> Aim of the task:
Your answer is one number, how many lines in the entries include "Geotagged".

----- Dataset entries -----

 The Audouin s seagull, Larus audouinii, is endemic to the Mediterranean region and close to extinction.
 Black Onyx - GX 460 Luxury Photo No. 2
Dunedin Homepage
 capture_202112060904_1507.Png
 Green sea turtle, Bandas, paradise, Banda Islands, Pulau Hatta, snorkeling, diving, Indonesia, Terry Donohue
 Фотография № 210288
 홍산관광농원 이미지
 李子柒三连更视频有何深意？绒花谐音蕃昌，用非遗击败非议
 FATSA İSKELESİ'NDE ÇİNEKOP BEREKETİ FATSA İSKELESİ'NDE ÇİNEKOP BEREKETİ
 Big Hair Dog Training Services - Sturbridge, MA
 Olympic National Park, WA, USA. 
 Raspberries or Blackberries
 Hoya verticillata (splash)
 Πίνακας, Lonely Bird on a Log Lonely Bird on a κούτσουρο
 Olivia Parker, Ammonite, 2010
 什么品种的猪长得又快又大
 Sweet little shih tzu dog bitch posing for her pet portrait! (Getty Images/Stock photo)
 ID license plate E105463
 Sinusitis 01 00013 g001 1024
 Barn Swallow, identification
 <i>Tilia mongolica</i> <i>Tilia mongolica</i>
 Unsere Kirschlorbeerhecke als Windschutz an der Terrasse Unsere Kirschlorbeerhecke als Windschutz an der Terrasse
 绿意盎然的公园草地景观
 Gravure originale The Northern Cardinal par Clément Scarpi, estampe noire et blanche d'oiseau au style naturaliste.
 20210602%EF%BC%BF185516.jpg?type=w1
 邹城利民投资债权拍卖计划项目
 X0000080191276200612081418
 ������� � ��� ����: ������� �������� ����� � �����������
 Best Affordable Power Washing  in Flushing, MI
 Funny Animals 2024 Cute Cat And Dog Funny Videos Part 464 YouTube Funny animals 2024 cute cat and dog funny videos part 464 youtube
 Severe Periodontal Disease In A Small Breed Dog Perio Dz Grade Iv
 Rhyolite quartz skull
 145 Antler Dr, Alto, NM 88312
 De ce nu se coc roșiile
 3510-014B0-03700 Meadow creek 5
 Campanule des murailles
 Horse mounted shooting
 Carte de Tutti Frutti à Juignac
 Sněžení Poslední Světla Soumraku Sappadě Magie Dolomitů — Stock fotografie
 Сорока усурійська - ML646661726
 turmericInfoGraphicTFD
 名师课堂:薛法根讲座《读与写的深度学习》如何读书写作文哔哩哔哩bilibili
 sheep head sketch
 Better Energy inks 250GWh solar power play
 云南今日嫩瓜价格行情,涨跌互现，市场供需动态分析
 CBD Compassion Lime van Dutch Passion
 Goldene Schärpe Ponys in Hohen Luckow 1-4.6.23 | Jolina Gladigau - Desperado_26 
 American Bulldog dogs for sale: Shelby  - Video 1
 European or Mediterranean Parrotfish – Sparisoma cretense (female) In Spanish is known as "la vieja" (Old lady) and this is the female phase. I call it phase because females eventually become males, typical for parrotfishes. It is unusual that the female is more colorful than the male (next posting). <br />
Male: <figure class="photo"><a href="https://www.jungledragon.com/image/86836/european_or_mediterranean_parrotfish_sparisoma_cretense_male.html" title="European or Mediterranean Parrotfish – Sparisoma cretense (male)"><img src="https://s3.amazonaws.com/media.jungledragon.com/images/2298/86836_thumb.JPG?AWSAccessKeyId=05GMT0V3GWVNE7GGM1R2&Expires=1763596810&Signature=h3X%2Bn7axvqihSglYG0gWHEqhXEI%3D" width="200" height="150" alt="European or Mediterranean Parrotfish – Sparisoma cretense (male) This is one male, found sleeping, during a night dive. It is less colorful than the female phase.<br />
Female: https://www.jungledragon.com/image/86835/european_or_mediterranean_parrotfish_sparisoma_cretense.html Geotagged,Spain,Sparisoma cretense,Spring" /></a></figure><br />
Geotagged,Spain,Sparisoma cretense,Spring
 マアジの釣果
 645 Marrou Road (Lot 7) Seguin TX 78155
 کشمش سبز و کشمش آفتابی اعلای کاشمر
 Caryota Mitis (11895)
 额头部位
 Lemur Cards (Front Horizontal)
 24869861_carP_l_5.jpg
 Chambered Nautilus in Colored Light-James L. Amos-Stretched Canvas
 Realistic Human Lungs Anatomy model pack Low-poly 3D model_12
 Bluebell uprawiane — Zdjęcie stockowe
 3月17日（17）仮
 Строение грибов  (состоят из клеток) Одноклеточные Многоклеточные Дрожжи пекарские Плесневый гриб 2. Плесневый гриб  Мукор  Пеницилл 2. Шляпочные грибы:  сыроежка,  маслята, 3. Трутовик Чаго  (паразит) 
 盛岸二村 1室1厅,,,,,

-----

> Solution for this exercise:
2